Layered Defenses Needed Vs Viruses
GRAND RAPIDS — When a potent computer virus infected multiple locations in a local corporation's network, the company called upon a local technology integration firm for help.
And Michael Noordyke, president of Remex Corp., said he had to send in a virtual SWAT team.
"With an enormous amount of work and $70,000 worth of costs later, the problem was under control," Noordyke said.
It didn't have to be that way, Noordyke added.
But he said that because viruses are spreading rapidly, he urges companies to think of virus protection as analogous to the military idea of a defense in depth: a multilayered, coordinated system.
"A quality virus protection plan should include layers of protection," Noordyke said. "A firewall won't necessarily protect from viruses entering the network, but is a good player to have on the team — it will keep intruders off the network."
Unfortunately, he said, with most networks connected to the Internet for e-mail, downloads and browsing, firms are exposed to many more outside threats. "Simply putting virus protection on your PCs does not cut it anymore," he said.
He explained that a gateway appliance installed just after the firewall is a good second layer.
"Other crucial layers include protecting the network at various entry points on the server levels, such as e-mail and Web servers, and having each desktop workstation protected with software that regularly seeks virus signature files as a form of protection."
Referring to the task facing what he called the Remex SWAT team, Noordyke said the "I Love You" virus had devastated a client's three-location network.
"We had people working on the network in Grand Rapids, the Detroit area and out of state. We had to reformat all the hard drives and reinstall everything just to get them running again.
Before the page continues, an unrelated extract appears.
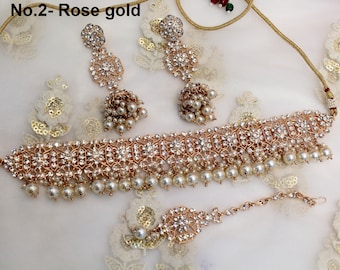 Op de afbeelding: Een roségouden choker-kettingset met een delicaat ontwerp met witte stenen en parels. De set bevat een bijpassend paar oorbellen en een maang tikka.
A comprehensive antivirus plan could have saved this company about $70,000."
What used to be a prudent computer network add-on is now a dire necessity, Noordyke added.
He said computer virus technology continues to grow and mutate — with names such as "Klez" and "SirCam" — making it that much more crucial to have effective virus detection software working to protect company networks and computers.
"If you don't protect your company networks properly, a single virus or worm program that enters your network through e-mail or download could disable your entire company," Noordyke said.
He said Information Week magazine reports that virus damage exceeded $1.5 trillion in 2000, and the number is growing at an alarming rate.
The result, Noordyke says, is that rudimentary virus protection or none at all is no longer an option.
"The viruses are going to keep coming, and without a very sophisticated protection system, some are likely to get through," Noordyke said. "Virus protection today requires constant vigilance and great coordination."
He said that in protecting a computer system as in securing a nation, it's a new age that calls for new solutions.
Remex has operated in West Michigan since the early 1970s.